» **What to do**
Output nothing but the lines from the line with "Hz Muhammed (sav)in" through the end of the listing below, both ends included.

===== Data records

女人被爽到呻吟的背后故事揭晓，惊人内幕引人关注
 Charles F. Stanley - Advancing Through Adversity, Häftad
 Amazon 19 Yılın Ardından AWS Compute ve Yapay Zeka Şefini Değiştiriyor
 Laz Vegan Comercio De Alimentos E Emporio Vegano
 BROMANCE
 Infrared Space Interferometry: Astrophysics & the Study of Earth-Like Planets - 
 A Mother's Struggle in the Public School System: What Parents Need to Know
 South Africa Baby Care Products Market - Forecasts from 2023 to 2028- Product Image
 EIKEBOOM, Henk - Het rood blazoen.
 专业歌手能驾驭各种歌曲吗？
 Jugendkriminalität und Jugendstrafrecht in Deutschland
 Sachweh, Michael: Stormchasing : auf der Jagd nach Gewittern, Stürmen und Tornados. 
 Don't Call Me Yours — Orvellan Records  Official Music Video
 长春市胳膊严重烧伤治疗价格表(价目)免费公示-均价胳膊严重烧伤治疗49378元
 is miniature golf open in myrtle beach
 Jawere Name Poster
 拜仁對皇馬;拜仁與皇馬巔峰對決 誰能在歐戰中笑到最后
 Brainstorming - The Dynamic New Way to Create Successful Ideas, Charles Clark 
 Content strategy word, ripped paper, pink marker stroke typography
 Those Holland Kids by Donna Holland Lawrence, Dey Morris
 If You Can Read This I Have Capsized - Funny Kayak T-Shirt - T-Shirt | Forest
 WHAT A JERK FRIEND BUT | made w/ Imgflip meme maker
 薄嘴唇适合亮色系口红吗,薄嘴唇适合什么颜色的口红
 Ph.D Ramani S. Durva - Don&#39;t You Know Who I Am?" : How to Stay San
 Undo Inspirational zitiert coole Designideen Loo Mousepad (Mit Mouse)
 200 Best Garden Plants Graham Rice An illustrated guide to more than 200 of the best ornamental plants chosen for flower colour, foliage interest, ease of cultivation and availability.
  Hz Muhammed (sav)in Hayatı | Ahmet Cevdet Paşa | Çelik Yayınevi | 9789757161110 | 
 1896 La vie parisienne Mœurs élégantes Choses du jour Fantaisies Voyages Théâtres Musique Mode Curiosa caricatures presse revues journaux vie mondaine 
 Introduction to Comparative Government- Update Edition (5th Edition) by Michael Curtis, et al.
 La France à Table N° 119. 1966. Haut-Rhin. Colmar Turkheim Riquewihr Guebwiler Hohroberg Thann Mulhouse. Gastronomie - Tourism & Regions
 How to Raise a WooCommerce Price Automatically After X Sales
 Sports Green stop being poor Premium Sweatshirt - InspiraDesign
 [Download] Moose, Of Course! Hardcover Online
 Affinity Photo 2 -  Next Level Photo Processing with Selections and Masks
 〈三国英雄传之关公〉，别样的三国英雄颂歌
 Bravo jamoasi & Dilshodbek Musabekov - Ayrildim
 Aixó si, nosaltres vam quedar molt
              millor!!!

==========

» **Reply to the task**
  Hz Muhammed (sav)in Hayatı | Ahmet Cevdet Paşa | Çelik Yayınevi | 9789757161110 | 
 1896 La vie parisienne Mœurs élégantes Choses du jour Fantaisies Voyages Théâtres Musique Mode Curiosa caricatures presse revues journaux vie mondaine 
 Introduction to Comparative Government- Update Edition (5th Edition) by Michael Curtis, et al.
 La France à Table N° 119. 1966. Haut-Rhin. Colmar Turkheim Riquewihr Guebwiler Hohroberg Thann Mulhouse. Gastronomie - Tourism & Regions
 How to Raise a WooCommerce Price Automatically After X Sales
 Sports Green stop being poor Premium Sweatshirt - InspiraDesign
 [Download] Moose, Of Course! Hardcover Online
 Affinity Photo 2 -  Next Level Photo Processing with Selections and Masks
 〈三国英雄传之关公〉，别样的三国英雄颂歌
 Bravo jamoasi & Dilshodbek Musabekov - Ayrildim
 Aixó si, nosaltres vam quedar molt
              millor!!!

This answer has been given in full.